What we envision is a Unix-like environment with a plethora of special purpose tools (particle editor, animation editor, level editor, material editor, profiler, lua debugger, etc) rather than a single monolithic Mega-Editor. We want it to be easy for our licensees to supplement our standard tool set with their own in-house tools, custom written to fit the requirements of their particular games. For example, a top-down 2D game may have a custom written tile editor. Another programmer may want to hack together a simple batch script that drops a MIP-step from all vegetation textures.

At first glance, our two design goals may appear conflicting. How can we make our tools use the engine for all visualization without strongly coupling the tools to the engine? Our solution is shown in the image below:


Note that there is no direct linkage between the tool and the engine. The tool only talks to the engine through the network. All messages on the network connection are simple JSON structs, such as:

{
    "type" : "message",
    "level" : "info",
    "system" : "D3DRenderDevice",
    "message" : "Resizing swap chain: 1626 1051"
}

This applies for all tools. When the lua debugger wants to set a breakpoint, it sends a message to the engine with the lua file and line number. When the breakpoint is hit, the engine sends a message back. (So you can easily swap in your own lua debugger integrated with your favorite editor, by simply receiving and sending these messages.) When the engine has gathered a bunch of profiling data, it sends a profiler message. Et cetera.

For visualization, the tool creates a window where it wants the engine to render and sends the window handle to the engine. The engine then creates a swap chain for that window and renders into it.

(In the future we may also add support for a VNC-like mode where we instead let the engine send the content of the frame buffer over the network. This would allow the tools to work directly against consoles, letting the artists see, directly in their editors, how everything will look on the lead platform.)
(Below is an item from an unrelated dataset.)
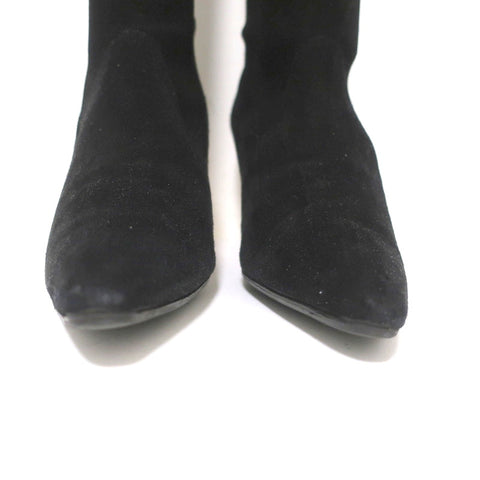 Manolo Blahnik Pascalare Knee High Boots Black Stretch Suede Size 37.5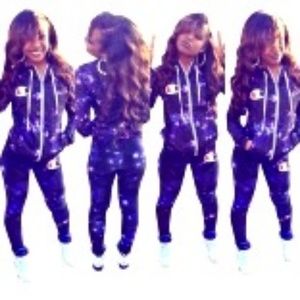 Champion pants set long sleeve purple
A tool typically boots the engine in a special mode where it runs a custom lua script designed to collaborate with that particular tool. For example, the particle editor boots the engine with particle_editor_slave.lua which sets up a default scene for viewing particle effects with a camera, skydome, lights, etc. The tool then sends script commands over the network connection that tells the engine what to do, for example to display a particular effect:

{
    type = "script",
    script = "ParticleEditorSlave:test_effect('fx/grenade/explosion')"
}

These commands are handled by the slave script. The slave script can also send messages back if the tool is requesting information.

The slave scripts are usually quite simple. The particle editor slave script is just 120 lines of lua code.

To make the tools independent of the engine data formats we have separated the data into human-readable, extensible and backwards compatible generic data and fast, efficient, platform specific runtime data. The tools always work with the generic data, which is pretty much all in JSON (exceptions are textures and WAVs). Thus, they never need to care about how the engine represents its runtime data and the engine is free to change and optimize the runtime format however it likes.

When the tool has changed some data and wants to see the change in-engine, it launches the data compiler to generate the runtime data. (The data compiler is in fact just the regular Win32 engine started with a -compile flag, so the engine and the data compiler are always in sync. Any change of the runtime formats triggers a recompile.) The data compiler is clever about just compiling the data that has actually changed.

When the compile is done, the tool sends a network message to the engine, telling it to reload the changed data file at which point you will see the changes in-game. All this happens nearly instantaneously allowing very quick tweaking of content and gameplay (by reloading lua files).

This system has worked out really well for us. The decoupling has allowed for fast development of both the tools and the engine. Today we have about ten different tools that use this system and we have been able to make many optimizations to the engine and the runtime formats without affecting the tools or the generic data.